Oliver's Wharf, Wapping, London.
This project involved the full refurbishment of an apartment within Olivers Wharf, a Grade II listed Victorian warehouse building on the river Thames. The brief was for a new concept driven interior design to replace the existing dated layout and aesthetic so the first move was to strip out all non-load bearing pastiche brick partitions, interior fixtures, fittings and services and to initially return the warehouse to one single large open plan volume with its 3 original elements: brick perimeter walls, cast iron columns and oak beams.
The design concept alluded to the industrial past of the space, in distributing a series of angled free standing ‘box’ objects and ‘material planes’ across the floor area of the warehouse to define different zones of use instead of carving it up with traditional rooms and walls. The use of angles was a result of accommodating the client brief in opposition to the regular structure of the original architecture, whilst also increasing views past and between newly inserted elements. In addition these elements were stopped short of the ceiling allowing the original oak beams to oversail them visually so that the new design helped to reinforce the overall scale and volume of the warehouse space rather than detract from it.
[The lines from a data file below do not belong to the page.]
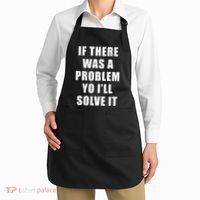 If There Was A Problem Yo ILl Solve It Ice Ice Baby Apron thumb 2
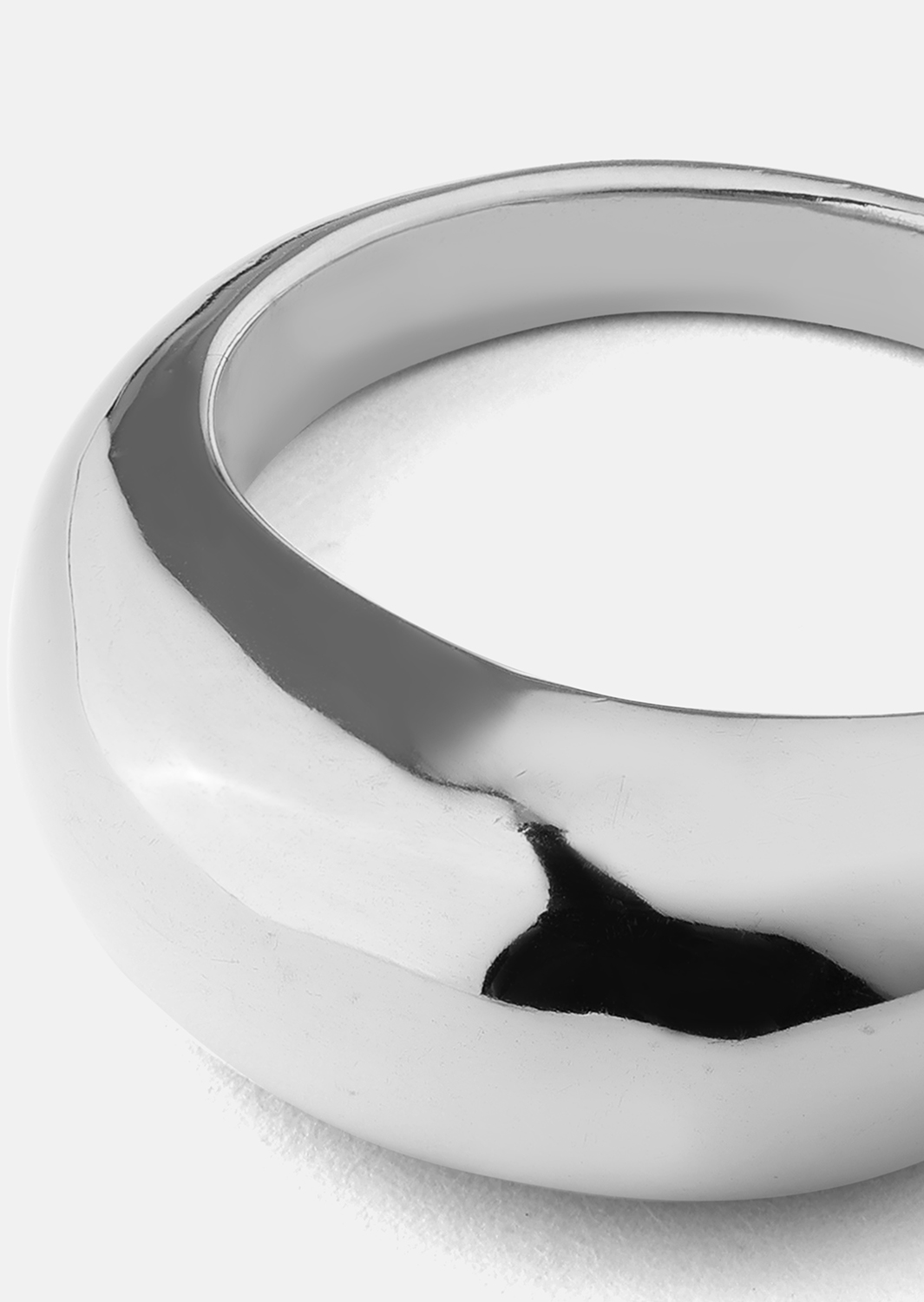 Golden Bold Ring - Sølvbelagt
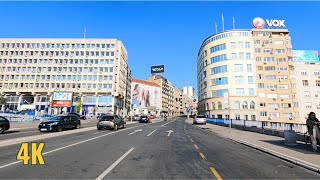 Belgrade Serbia  Driving in the city 4K part 1 [upl. by Grimbal]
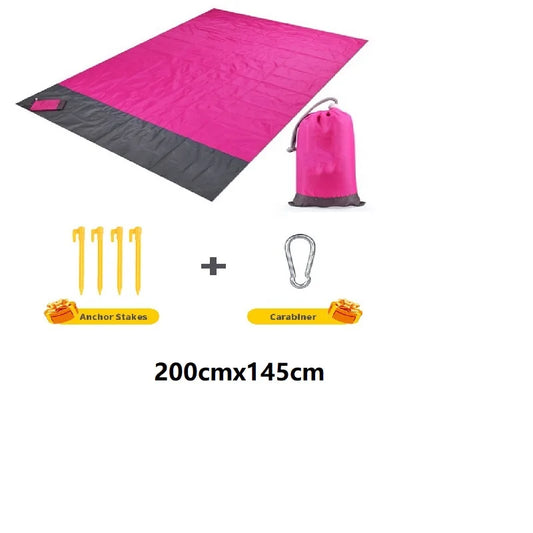 Beach Blanket Sandproof Waterproof Beach Mat Lightweight Picnic Blanket for Travel Hiking Sports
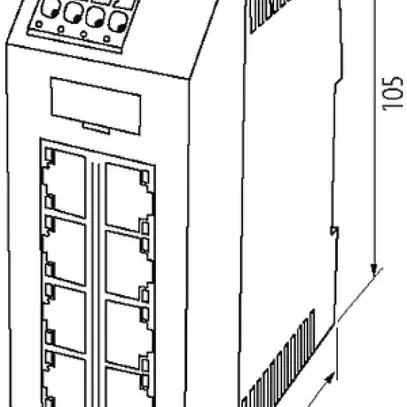 Switch Murrelektronik Xelity 8TX, 8-port unmanaged 10/100Mbit/s full duplex 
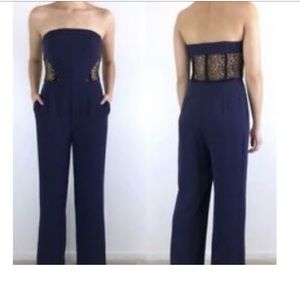 Rachel Roy dark purple jumpsuit
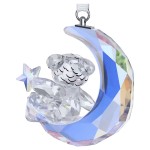Swarovski figurer Kris Bear måneornament i krystall - 5732106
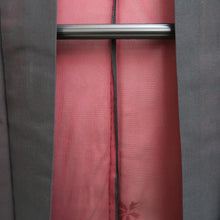 Load image into Gallery viewer, Haori Jacket Vintage(1950-1980) Black Wine red Sheer Botanical Silk #10910E5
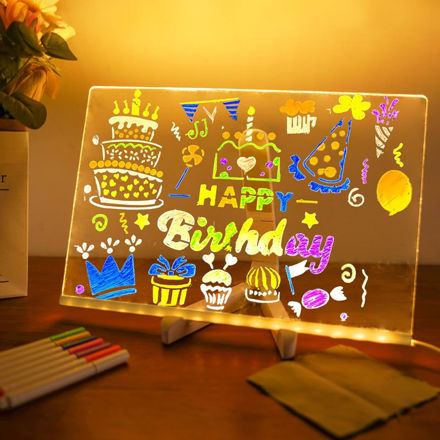 Picture of Acrylic Message Illuminated Drawing Writing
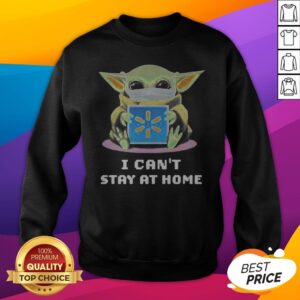 Alternative view of Baby Yoda Mask Hug Walmart I Can’t Stay At Home Shirt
Careful attention was given to connection details so that old and new fabric related and responded directly to each another rather than the new imposing on the old. Each newly built element was made distinct from every other (and separate to the existing warehouse architecture) by being clad in a different material and in turn create a collage of expensive and inexpensive materials. From OSB board to polished plaster, cork to antique mirror, rubber to recycled leather and plywood to concrete tiles, the overall ambience of the apartment became one of variety and contrast.